By Hope Hodge Seck: Complete Post through this link…

The Jax Act, a bipartisan bill introduced in the House, seeks to acknowledge women’s combat service on secretive missions in Afghanistan.

Years before U.S. military women were formally authorized to hold ground-combat jobs, Jaclyn “Jax” Scott was conducting nighttime raids with Special Operations personnel in northern Afghanistan.

They’d kick in doors, Scott said, and she’d enter Afghans’ homes directly behind the breachers, identify any women and children, and marshal them to a safe space for questioning. In Afghanistan’s conservative culture, her presence was intended to be a message of good faith to villagers frightened by the sight of armed American troops.

Male colleagues seldom saw it that way, Scott said, recalling what she and other women assigned to these cultural support teams, or CSTs, said was routine hostility from the Army Rangers and Green Berets with whom they were partnered. “Before they would go on missions,” she said, “they looked at us and they’d be like, ‘I unfortunately have to take one of you, which means I have to get rid of a shooter.’ And I’m like, ‘We can shoot.’”

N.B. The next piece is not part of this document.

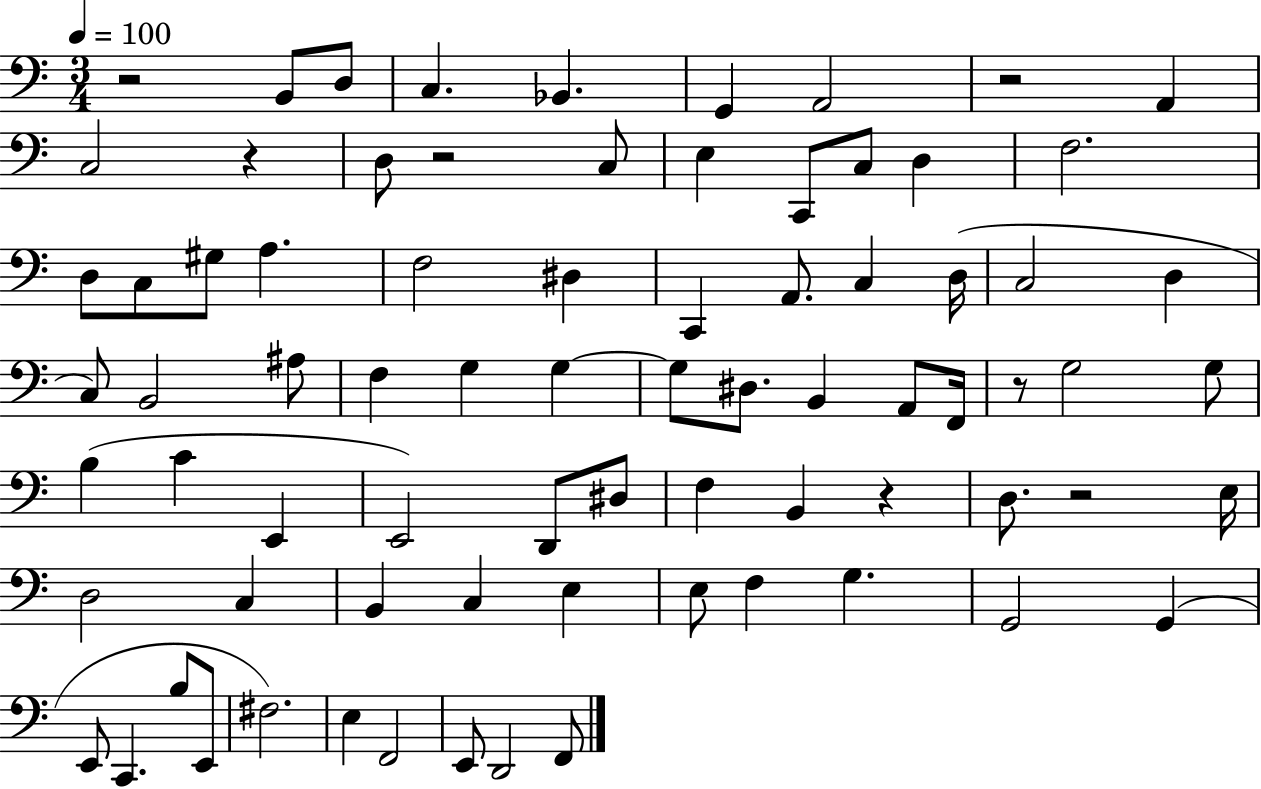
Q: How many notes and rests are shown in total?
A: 77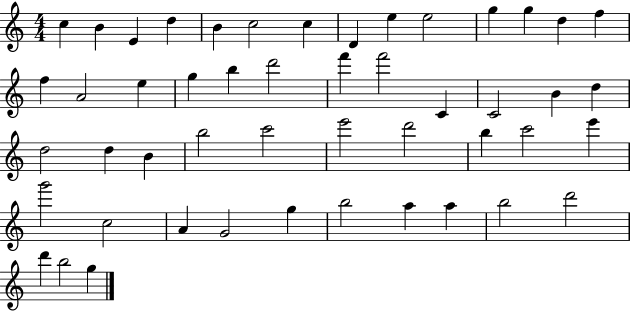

For many of these women, the reception back home felt equally discriminatory. In 2013, when Scott returned from consecutive deployments, she bore the scars of combat: a brain injury from concussive grenade blasts, and back, neck and shoulder ailments owed to heavy falls. When she sought treatment for post traumatic stress, the Army doctor laughed at her, Scott said. He prescribed sleep aids for jet lag instead.